[[ Available data open ]]

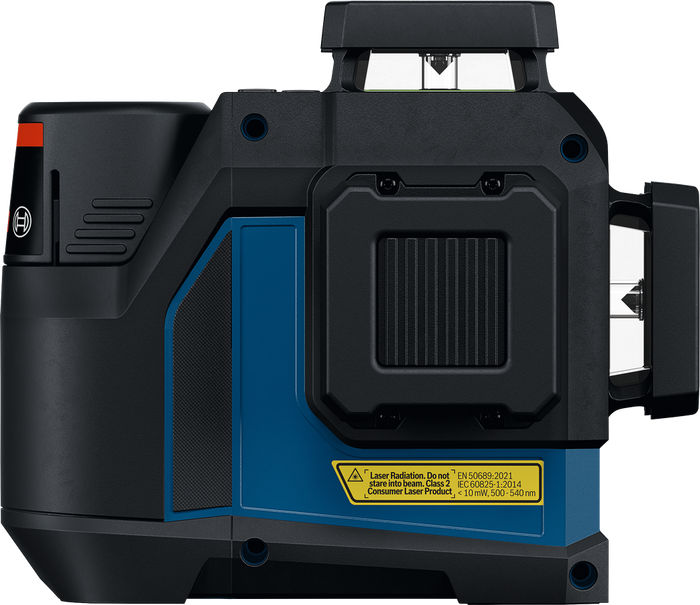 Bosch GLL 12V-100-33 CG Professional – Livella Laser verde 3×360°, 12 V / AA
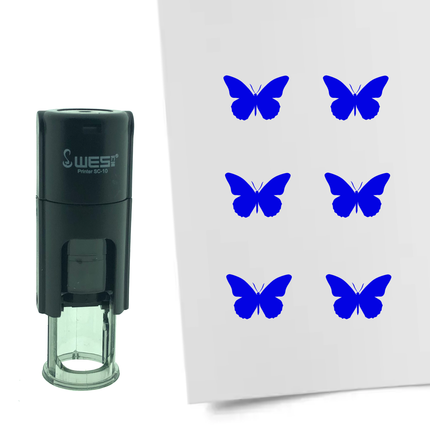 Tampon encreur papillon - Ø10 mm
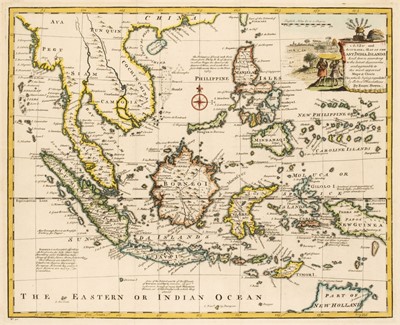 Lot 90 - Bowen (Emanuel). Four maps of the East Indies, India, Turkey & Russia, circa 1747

[[ Available data closed ]]

▸ **What you should do**
Set down word for word each line from the one containing "Tampon encreur papillon - Ø10 mm" through the end of the material, and keep the pictures out of it.

▸ **Exercise answer**
 Tampon encreur papillon - Ø10 mm
 Lot 90 - Bowen (Emanuel). Four maps of the East Indies, India, Turkey & Russia, circa 1747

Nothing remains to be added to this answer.